From Chris-Lisa Thomison
West Nile Virus can be deadly, so today we vaccinated our ambassador birds.
We never want to see our friends sick, so preventative measures must be taken.
Everyone was brave and will receive an extra mouse for cooperation.
And we did a check up on one of the Bald Eagles (Eugene).
He’s recovering from a coracoid injury and we are hopeful for release this summer!!!
Big thanks to Dr. Thom Haig and Mary Ellen for house calls.




The Coracoid:

The coracoid is a very important bone for a bird!
Mammals, including we humans, also have one, but it doesn’t do the same job for us.
Flying puts an extreme load on a bird’s body. All that air resistance is fighting against the bird’s body weight, plus any prey it may be carrying.
The coracoids (one at each shoulder) brace the shoulder to the keel (the big chest bone) and resist the forces of wing strokes. With a damaged coracoid, the lungs can be compressed by the sternum on one half of the stroke, and the humerus can impact the sternum on the other. That is a doubly painful combination!
This short video highlights the muscles for flight, and you can see the forces the coracoids need to withstand. (>2 min)
Thanks!
I am glad you enjoyed learning about it! I’ve seen tons of them from cooking chicken or turkey, but never paid it any mind as it was just another bone. We don’t have this bone, so of course it doesn’t really mean anything to us. It’s critical to the bird though, and it’s an amazing simple but effective piece of equipment!
Bird bones are really neat when you look at them from an evolutionary perspective. It’s readily apparent how as they transitioned from being terrestrial dinosaurs to modern birds how the bones changed along with them. Many bones got consolidated into simpler structures while others grow to withstand all the forces flight put on the body. While the thinking now is that archaeopteryx could indeed fly, they were still spending most of their time on land, while many modern birds can fly hundreds of miles.
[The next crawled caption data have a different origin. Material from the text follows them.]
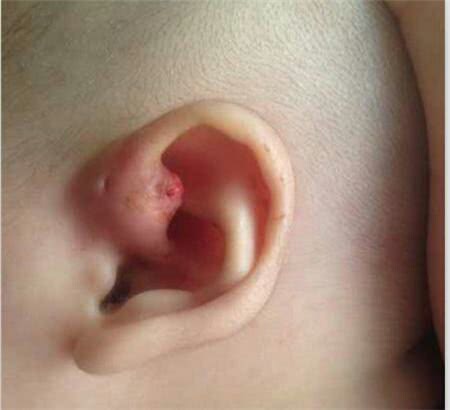 孩子耳朵旁有个小洞，是福气？快看看你家孩子有没有？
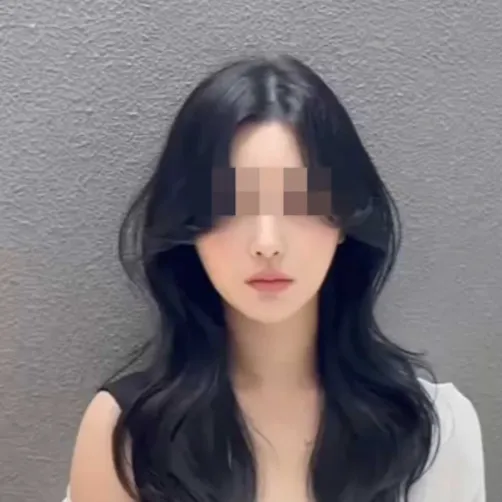 Chin Liposuction — Rewind Plastic Surgery 4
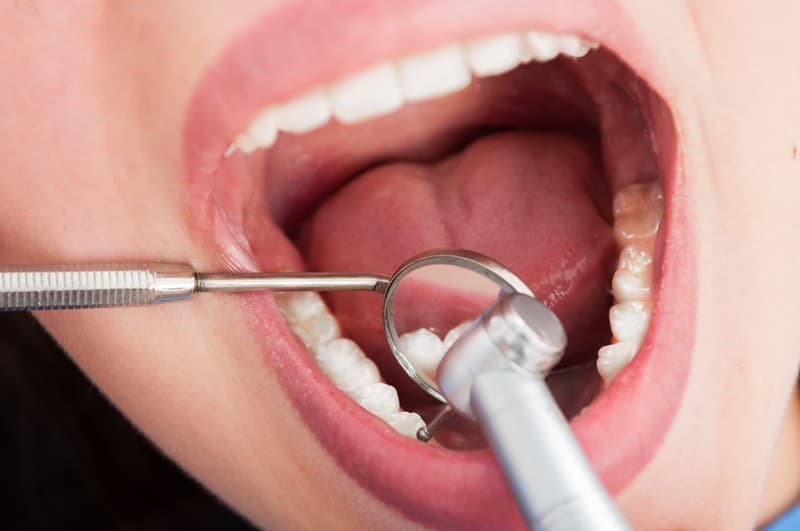 Endodoncia en Baiona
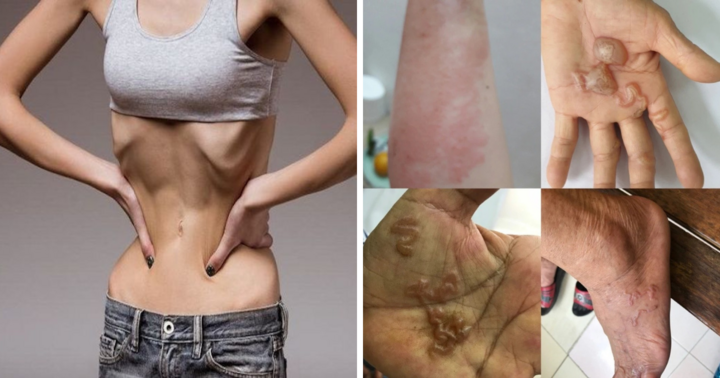 Cẩn trọng với những dấu hiệu nghi nhiễm ký sinh trùng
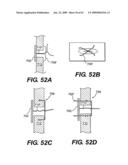 SPINAL DISC ANNULUS RECONSTRUCTION METHOD AND SPINAL DISC ANNULUS STENT diagram and image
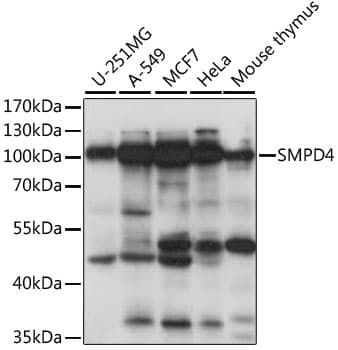 SMPD4 Antibody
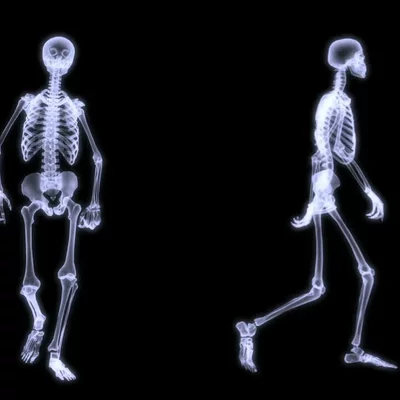 Timeline: Radiologia- Cominzos, hasta hoy.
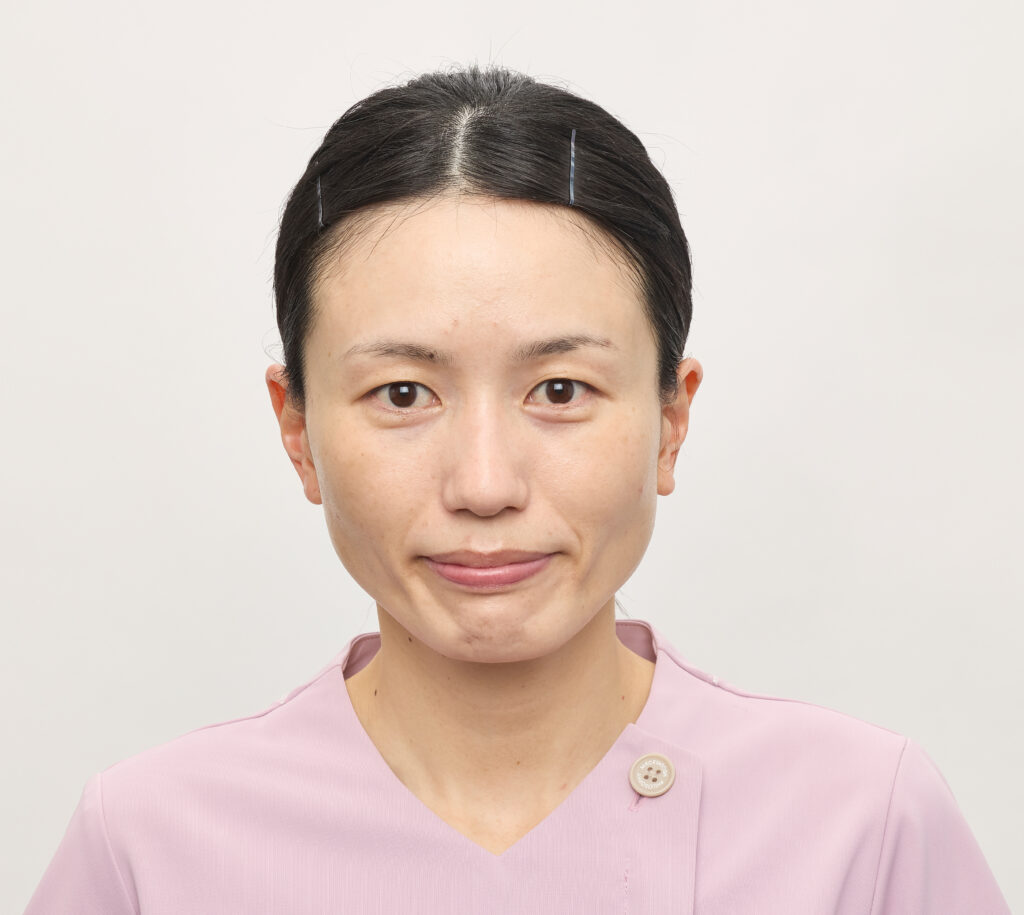 シミ＆シワbefore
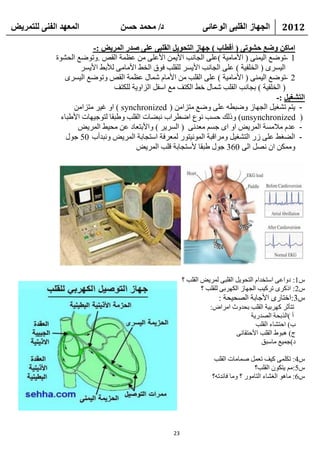 ‫انًعهذ انفًُ نهتًشيط‬               ‫د/ يحًذ حسٍ‬                    ‫انجهاص انقهثً انىعائً‬          ‫2102‬

                          ‫اياكٍ وظع حشىتً ( أقطاب ) جهاص انتحىيم انقهثً عهً صذس انًشيط :-‬
             ‫1 -رٛػغ اٌ١ّٕٝ ( األِبِ١خ )ػٍٝ اٌغبٔت األ٠ّٓ األػٍٝ ِٓ ػظّخ اٌمض .ٚرٛػغ اٌؾشٛح‬
                      ‫اٌ١َوٜ ( اٌقٍف١خ ) ػٍٝ اٌغبٔت األ٠َو ٌٍمٍت فٛق اٌقؾ األِبِٝ ٌألثؾ األ٠َو‬
                ‫2 -رٛػغ اٌ١ّٕٝ ( األِبِ١خ ) ػٍٝ اٌمٍت ِٓ األِبَ شّبي ػظّخ اٌمض ٚرٛػغ اٌ١َوٜ‬
                                  ‫( اٌقٍف١خ ) ثغبٔت اٌمٍت شّبي فؾ اٌىزف ِغ اٍفً اٌياٚ٠خ ٌٍىزف‬
                                                                                          ‫انتشغيم :-‬
                   ‫- ٠زُ رشغ١ً اٌغٙبى ٚػجطٗ ػٍٝ ٚػغ ِزيآِ ( ‪ ) synchronized‬اٚ غ١و ِزيآِ‬
               ‫( ‪ٚ )unsynchronized‬مٌه ؽَت ٔٛع اػطواة ٔجؼبد اٌمٍت ٚؽجمب ٌزٛع١ٙبد األؽجبء‬
                     ‫- ػلَ ِالَِخ اٌّو٠غ اٚ اٜ عَُ ِؼلٔٝ ( اٌَو٠و ) ٚاألثزؼبك ػٓ ِؾ١ؾ اٌّو٠غ‬
                 ‫- اٌؼغؾ ػٍٝ ىه اٌزشغ١ً ِٚوالجخ اٌّٛٔ١زٛه ٌّؼوفخ اٍزغبثخ اٌّو٠غ ٚٔجلأة 05 عٛي‬
                                          ‫ِّٚىٓ اْ ٔظً اٌٝ 063 عٛي ؽجمب ألٍزغبثخ لٍت اٌّو٠غ‬




                                                           ‫ً1: كٚاػٝ اٍزقلاَ اٌزؾٛ٠ً اٌمٍجٝ ٌّو٠غ اٌمٍت ؟‬
                                                                   ‫ً2: امووٜ روو١ت اٌغٙبى اٌىٙوثٝ ٌٍمٍت ؟‬
                                                                        ‫ً3:افزبهٜ األعبثخ اٌظؾ١ؾخ :‬
                                                                     ‫رزأصو وٙوث١خ اٌمٍت ثؾلٚس اِواع:‬
                                                                                   ‫أ )اٌنثؾخ اٌظله٠خ‬
                                                                                     ‫ة) اؽزشبء اٌمٍت‬
                                                                             ‫ط) ٘جٛؽ اٌمٍت األؽزمبٔٝ‬
                                                                                       ‫ك)عّ١غ ِبٍجك‬

                                                                       ‫ً4: رىٍّٝ و١ف رؼًّ طّبِبد اٌمٍت‬
                                                                                       ‫ً5:ُِ ٠زىْٛ اٌمٍت؟‬
                                                                      ‫ً6: ِب٘ٛ اٌغشبء اٌزبِٛه ؟ ِٚب فبئلرٗ؟‬




                                                      ‫32‬
 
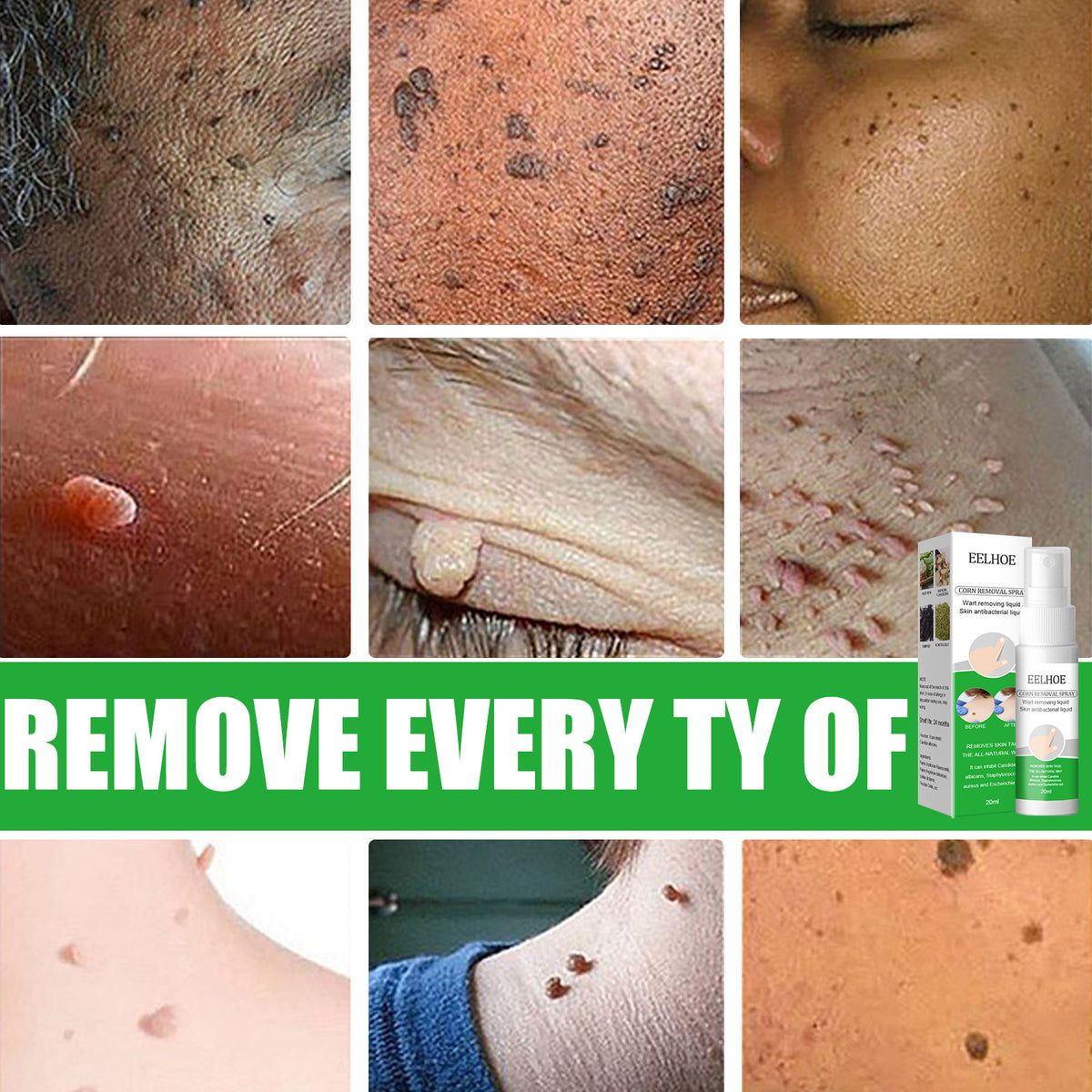 EELHOE Wart Removal Liquid for Skin Growths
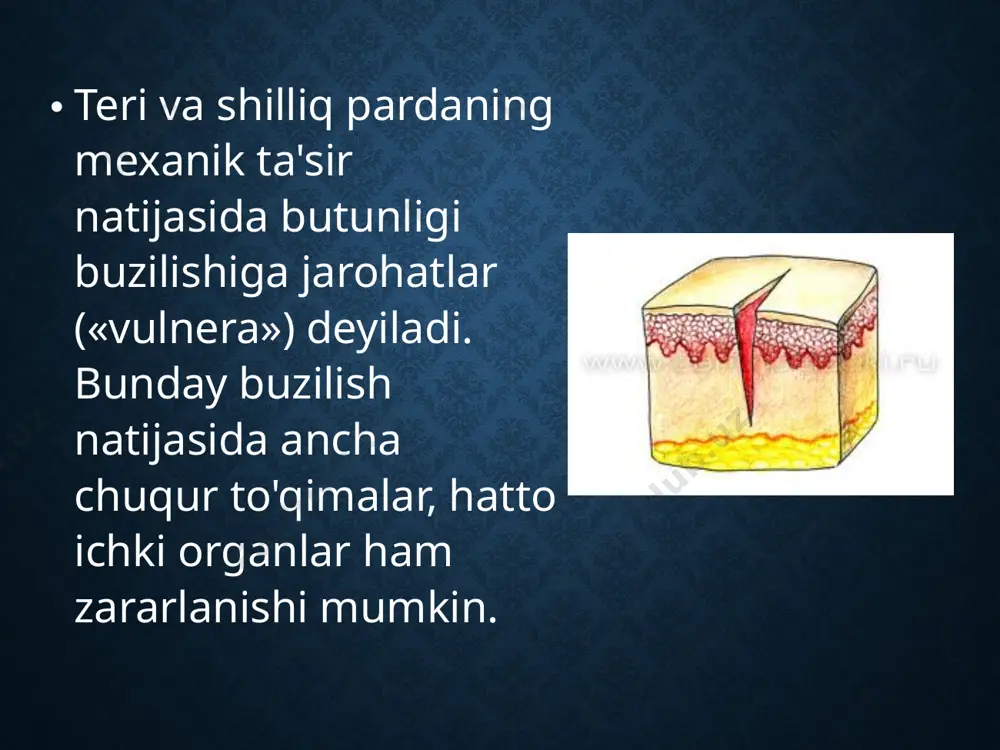 hda hisobga olish kerak. masalan, sanchilgan, o'q tekkan jarohatlar ko'pincha kam qonaydi. ko'z bilan ularning chuqurligini aniqlash qiyin, ko'pincha ichki organlar shikasti bilan farqlanadi. o'tmas ashyolar, zont uchi, metall uchliklardan hosil bo'lgan sanchilgan jarohatlar kechishi boshqacha bo'ladi. kesilgan va chopilgan jarohatlar tashqi nuqsonlar kengligi, ko'p tashqi qon ketishi bilan xarakterlanadi. unlgan, ezilgan va yirtilgan jarohatlarda qon kam ketsa-da, ular kuchli og'riq beradi, ifloslanadi, ko'pincha ular to'qimalar mahalliy nekrozi, qon aylanishi buzilishi bilan kechadi. yengil urilish (lat yeyish) og'riq bilan kechsada, og'ir oqibatlarga olib kelmaydi. tishlangan jarohatlar faqat o'zining kattaligi, chuqurligi, yiringlashi bilan farqlansa-da, og'ir asoratga - quturish kasalligiga («lussa, rabies») olib keladi. quturish virusi quturgan hayvon so'lagi bilan u tishlab olganda jarohatga o'tadi. kalamush, sichqon, olmaxon va mushuklar tishlaganda «kalamush kasalligi» («sodoku») paydo bo'lishi mumkin. kesilgan jarohatlar o'tkir narsa (qurol) tekkanda yuz beradi, odatda atrofdagi to'qimalar zararlanmaydi. jarohat chetlarining bir-biridan ajralib turishi, to'g'riligi, jarohat uchlari esa o'tkir bo'lishi bilan farqlanadi. …
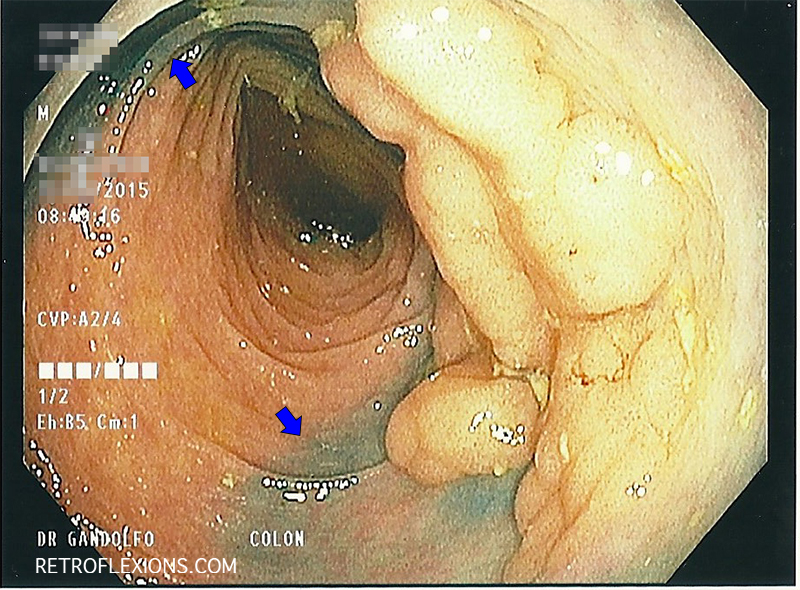Large polyp in transverse colon. Blue arrows denote tattoo marks left by referring doctor. Note that the tattoo mark extends to the edge of the polyp (and below the polyp).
As a duck owner, I am RIVETED.
How do you catch birds en masse, in time for an appointment?
These are ambassadors, so they should be a bit more used to being handled regularly.
One time when I was visiting The Raptor Trust, they had just gotten in this adorable Barred owl, and I watched the one staff member work with him. She was starting his crate training to get him used to it and seeing it was safe to go inside it. She basically led him with a breadcrumb trail of mousey bits inside. It gets them cooperative for their regular exams and in case of emergency.
When I saw the Amazing Acro-cats cat circus and rock band, their trainer also said this is the first thing all the cats learn for safety reasons. With one command she can get several dozen cats all in their carriers if they need to get moved to safety quickly. My cats would never listen to that, but I trusted they were smart enough, all being semi-feral so they had proven survival instinct. My hound dogs were brainless though, so they all got trained to get inside their house right away.